Top of Provided information

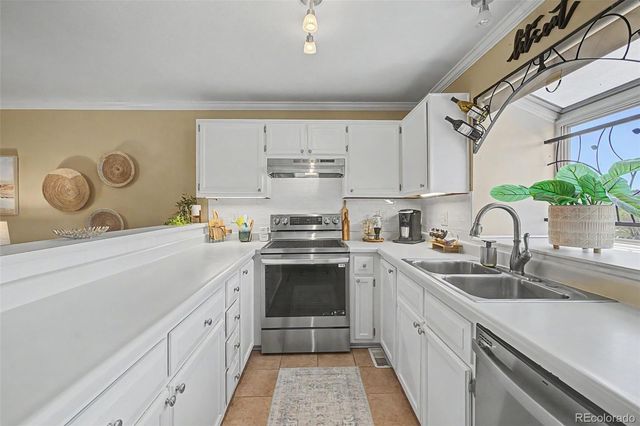 6618 Warbler Lane, Colorado Springs, CO 80919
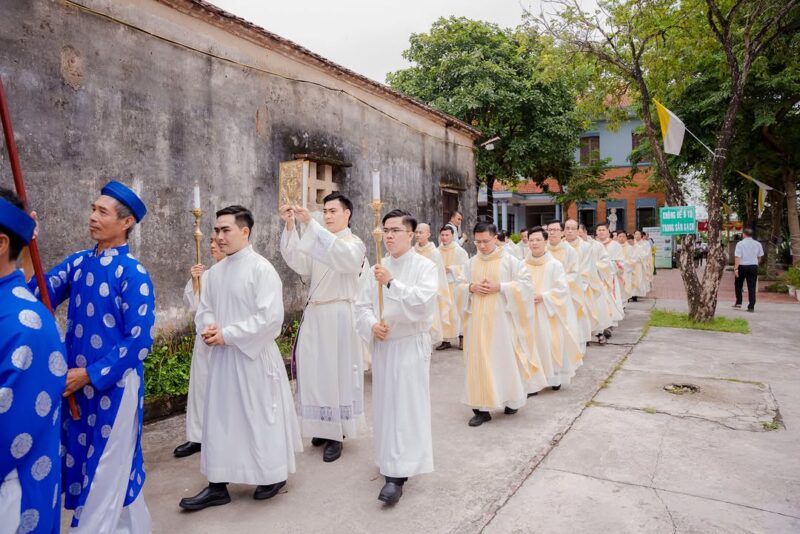 fb-1578851229095483_1202445021926737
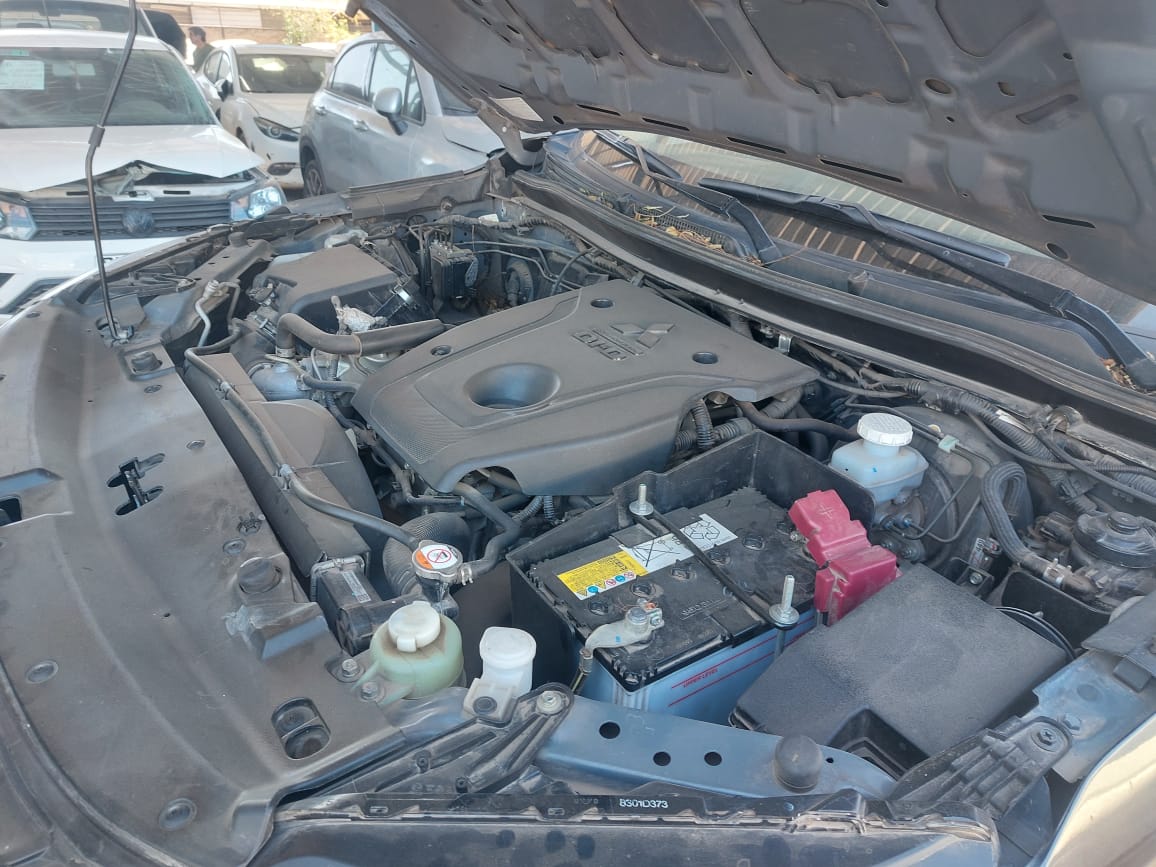 MITSUBISHI L 200 0000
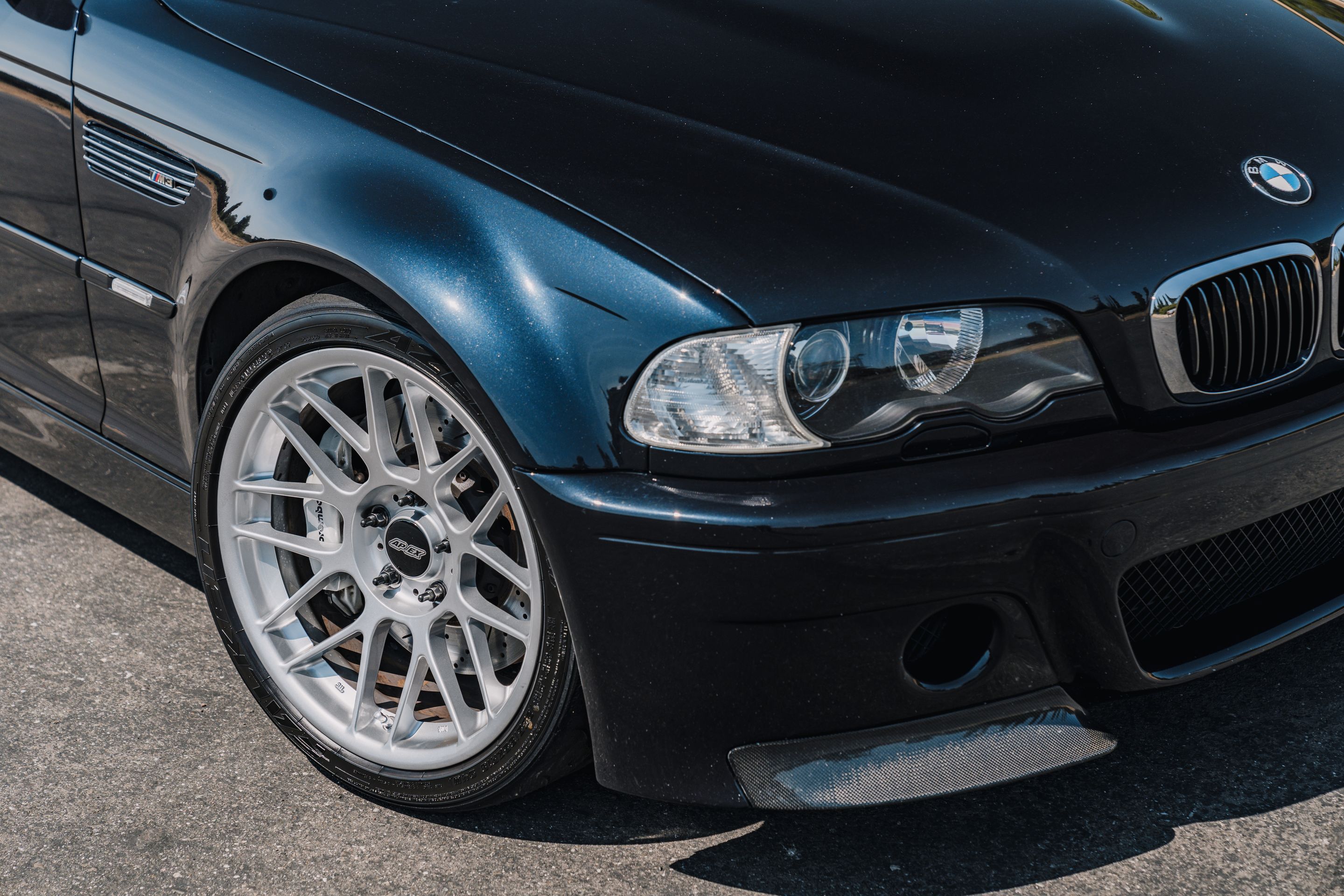 Black BMW E46 M3 with 18" ARC-8 Apex wheels in Hyper Silver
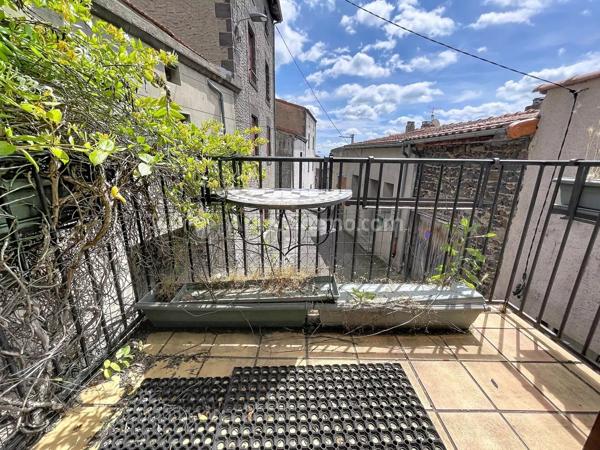 Vente                                                      Maison de ville
                        
                     3 pièces                      59 m2                     à Ceyrat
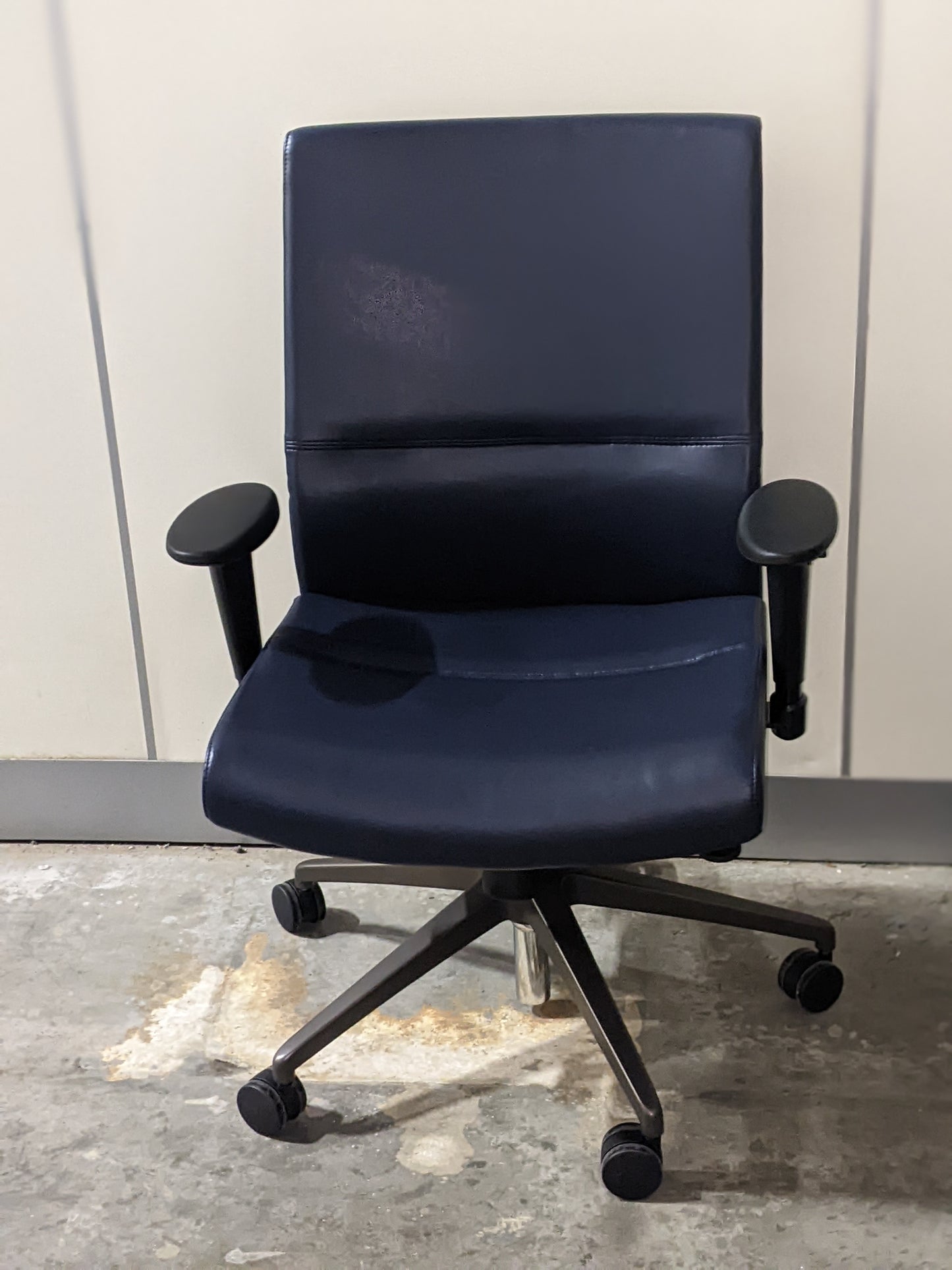 STYLEX | INSIGHT EXECUTIVE MID BACK TASK CHAIR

Bottom of Provided information

What you should do:
When you repeat the lines above, keep them exact and leave out each image they contain.

Output of the exercise:
 6618 Warbler Lane, Colorado Springs, CO 80919
 fb-1578851229095483_1202445021926737
 MITSUBISHI L 200 0000
 Black BMW E46 M3 with 18" ARC-8 Apex wheels in Hyper Silver
 Vente                                                      Maison de ville
                        
                     3 pièces                      59 m2                     à Ceyrat
 STYLEX | INSIGHT EXECUTIVE MID BACK TASK CHAIR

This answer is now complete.